Left-Hand Sums Calculation
We will calculate the left-hand sum for the interval [0, 1] using \( n = 1, 2, 4, 8, \text{ and } 16 \).
1. For \( n = 1 \):
- The width of each rectangle \( \Delta x = \frac{1-0}{1} = 1 \)
- Left endpoint: \( f(0) \)
- \( f(0) = 4(0)^3 - 6(0)^2 - 8(0) + 40 = 40 \)
- Left-hand sum:
\[
L_1 = f(0) \cdot \Delta x = 40 \cdot 1 = 40
\]
2. For \( n = 2 \):
- \( \Delta x = \frac{1-0}{2} = 0.5 \)
- Left endpoint values: \( f(0) \) and \( f(0.5) \)
- \( f(0.5) = 4(0.5)^3 - 6(0.5)^2 - 8(0.5) + 40 = 38.5 \)
- Left-hand sum:
\[
L_2 = f(0) \cdot \Delta x + f(0.5) \cdot \Delta x = 40 \cdot 0.5 + 38.5 \cdot 0.5 = 19 + 19.25 = 38.25
\]
3. For \( n = 4 \):
- \( \Delta x = \frac{1-0}{4} = 0.25 \)
- Evaluating at left endpoints:
- \( f(0) = 40, f(0.25) = 39.0625, f(0.5) = 38.5, f(0.75) = 37.1875 \)
- Left-hand sum:
\[
L_4 = 40 \cdot 0.25 + 39.0625 \cdot 0.25 + 38.5 \cdot 0.25 + 37.1875 \cdot 0.25 = 10 + 9.765625 + 9.625 + 9.296875 = 38.6875
\]
4. For \( n = 8 \):
- \( \Delta x = \frac{1-0}{8} = 0.125 \)
- Left endpoints evaluations lead to:
- \( x_i = 0, 0.125, 0.25, 0.375, 0.5, 0.625, 0.75, 0.875 \)
Calculating the corresponding \( f(x_i) \) values:
- \( 40, 39.21875, 39, 38.55859375, 38.5, 38.18359375 , 37.1875, 35.7490234375 \)
- Left-hand sum:
\[
L_8 = \sum_{i=0}^{7} f(x_i) \cdot 0.125 = (40 + 39.21875 + 39 + 38.55859375 + 38.5 + 38.18359375 + 37.1875 + 35.7490234375) \cdot 0.125
\]
Exact Area Calculation
To find the exact area under the curve from \( x=0 \) to \( x=1 \), we can compute the definite integral:
\[
A = \int_{0}^{1} (4x^3 - 6x^2 - 8x + 40) \, dx
\]
Calculating the integral:
1. Calculate Antiderivative:
\[
F(x) = x^4 - 2x^3 - 4x^2 + 40x
\]
2. Evaluate the definite integral:
\[
A = F(1) - F(0) = (1 - 2 - 4 + 40) - (0) = 35
\]
Part II: Business Model Profit Calculation
For a given business model represented by the function \( P(x) = -0.2x^2 + 150x - 6000 \) where:
- \( b=150 \) (variable profit)
- \( c=6000 \) (fixed costs)
Annual Profit Evaluation:
Let's compute profit for five different sale volumes \( x \):
1. For \( x = 500 \):
\[
P(500) = -0.2(500)^2 + 150(500) - 6000 = -50000 + 75000 - 6000 = 19000
\]
2. For \( x = 600 \):
\[
P(600) = -0.2(600)^2 + 150(600) - 6000 = -72000 + 90000 - 6000 = 12000
\]
3. For \( x = 700 \):
\[
P(700) = -0.2(700)^2 + 150(700) - 6000 = -98000 + 105000 - 6000 = 1000
\]
4. For \( x = 800 \):
\[
P(800) = -0.2(800)^2 + 150(800) - 6000 = -128000 + 120000 - 6000 = -4000
\]
5. For \( x = 900 \):
\[
P(900) = -0.2(900)^2 + 150(900) - 6000 = -162000 + 135000 - 6000 = -33000
\]
Conclusion
The analysis demonstrated how to apply calculus to find the area under a defined curve and assess profit generated from a business model.
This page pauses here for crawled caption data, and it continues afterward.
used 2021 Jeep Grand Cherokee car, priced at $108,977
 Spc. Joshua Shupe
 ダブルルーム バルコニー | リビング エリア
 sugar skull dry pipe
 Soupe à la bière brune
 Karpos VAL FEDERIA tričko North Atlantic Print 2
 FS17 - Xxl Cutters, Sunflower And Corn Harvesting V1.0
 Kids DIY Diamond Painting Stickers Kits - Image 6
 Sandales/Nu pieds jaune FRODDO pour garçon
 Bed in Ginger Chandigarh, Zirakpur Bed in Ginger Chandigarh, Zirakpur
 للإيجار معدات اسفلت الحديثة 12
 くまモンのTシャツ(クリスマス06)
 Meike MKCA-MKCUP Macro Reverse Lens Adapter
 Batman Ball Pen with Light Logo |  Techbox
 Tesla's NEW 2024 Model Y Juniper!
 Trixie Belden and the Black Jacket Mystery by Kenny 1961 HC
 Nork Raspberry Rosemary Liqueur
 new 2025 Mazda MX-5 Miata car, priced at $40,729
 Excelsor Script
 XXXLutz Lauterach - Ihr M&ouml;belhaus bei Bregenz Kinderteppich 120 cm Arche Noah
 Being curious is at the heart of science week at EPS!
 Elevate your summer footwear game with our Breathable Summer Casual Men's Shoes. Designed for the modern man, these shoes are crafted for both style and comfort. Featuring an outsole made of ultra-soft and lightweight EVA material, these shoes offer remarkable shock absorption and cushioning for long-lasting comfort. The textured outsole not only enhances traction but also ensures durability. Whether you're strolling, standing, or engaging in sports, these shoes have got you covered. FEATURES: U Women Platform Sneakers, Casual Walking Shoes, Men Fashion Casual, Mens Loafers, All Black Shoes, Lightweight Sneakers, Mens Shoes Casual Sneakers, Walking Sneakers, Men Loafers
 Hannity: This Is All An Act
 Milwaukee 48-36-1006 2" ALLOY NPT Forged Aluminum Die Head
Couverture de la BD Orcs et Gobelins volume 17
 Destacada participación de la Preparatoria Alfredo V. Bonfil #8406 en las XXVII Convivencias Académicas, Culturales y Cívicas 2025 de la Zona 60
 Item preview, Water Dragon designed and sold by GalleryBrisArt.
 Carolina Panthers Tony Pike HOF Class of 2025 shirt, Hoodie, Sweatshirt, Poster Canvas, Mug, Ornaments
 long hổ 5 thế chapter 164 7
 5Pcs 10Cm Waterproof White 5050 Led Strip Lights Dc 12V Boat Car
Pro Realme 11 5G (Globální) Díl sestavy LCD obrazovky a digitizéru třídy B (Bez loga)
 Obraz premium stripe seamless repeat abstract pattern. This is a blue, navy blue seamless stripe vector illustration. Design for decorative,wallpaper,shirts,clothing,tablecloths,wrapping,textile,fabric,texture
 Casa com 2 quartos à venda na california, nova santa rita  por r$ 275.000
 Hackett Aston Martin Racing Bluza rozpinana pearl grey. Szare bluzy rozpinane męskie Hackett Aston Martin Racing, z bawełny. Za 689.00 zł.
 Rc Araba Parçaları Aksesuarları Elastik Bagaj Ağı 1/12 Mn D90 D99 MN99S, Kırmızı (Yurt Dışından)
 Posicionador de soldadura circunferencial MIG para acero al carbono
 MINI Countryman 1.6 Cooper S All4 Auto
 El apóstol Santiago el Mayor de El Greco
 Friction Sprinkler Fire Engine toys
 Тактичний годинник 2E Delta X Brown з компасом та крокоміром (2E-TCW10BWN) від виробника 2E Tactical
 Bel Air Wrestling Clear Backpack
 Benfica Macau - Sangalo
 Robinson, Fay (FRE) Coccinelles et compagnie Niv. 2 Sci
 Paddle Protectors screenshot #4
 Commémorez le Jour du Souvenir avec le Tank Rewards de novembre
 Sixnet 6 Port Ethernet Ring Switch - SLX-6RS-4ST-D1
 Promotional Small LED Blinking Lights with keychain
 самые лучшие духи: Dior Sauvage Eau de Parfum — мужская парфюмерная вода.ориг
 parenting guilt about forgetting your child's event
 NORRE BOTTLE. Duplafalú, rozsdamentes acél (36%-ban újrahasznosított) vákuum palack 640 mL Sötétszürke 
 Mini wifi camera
Graphing tools and precise integral calculations aid in visualizing the economic implications of the mathematical findings.
References
1. Anton, H., Bivens, I., & Davis, S. (2014). Calculus. Wiley.
2. Stewart, J. (2016). Calculus: Early Transcendentals. Cengage Learning.
3. Thomas, G. B., Weir, M. D., & Hass, J. R. (2013). Thomas' Calculus. Pearson.
4. Blitzer, R. (2012). Calculus. Pearson.
5. Strang, G. (2016). Calculus. Wellesley-Cambridge Press.
6. Edwards, C. H., & Penney, D. E. (2016). Calculus: Early Transcendentals. Pearson.
7. Moore, T. (2015). Applied Calculus. Wiley.
8. Larson, R., & Edwards, B. H. (2014). Calculus. Cengage Learning.
9. Sullivan, M. (2017). Calculus: Single Variable. Pearson.
10. OpenStax. (2016). Calculus Volume 1. OpenStax.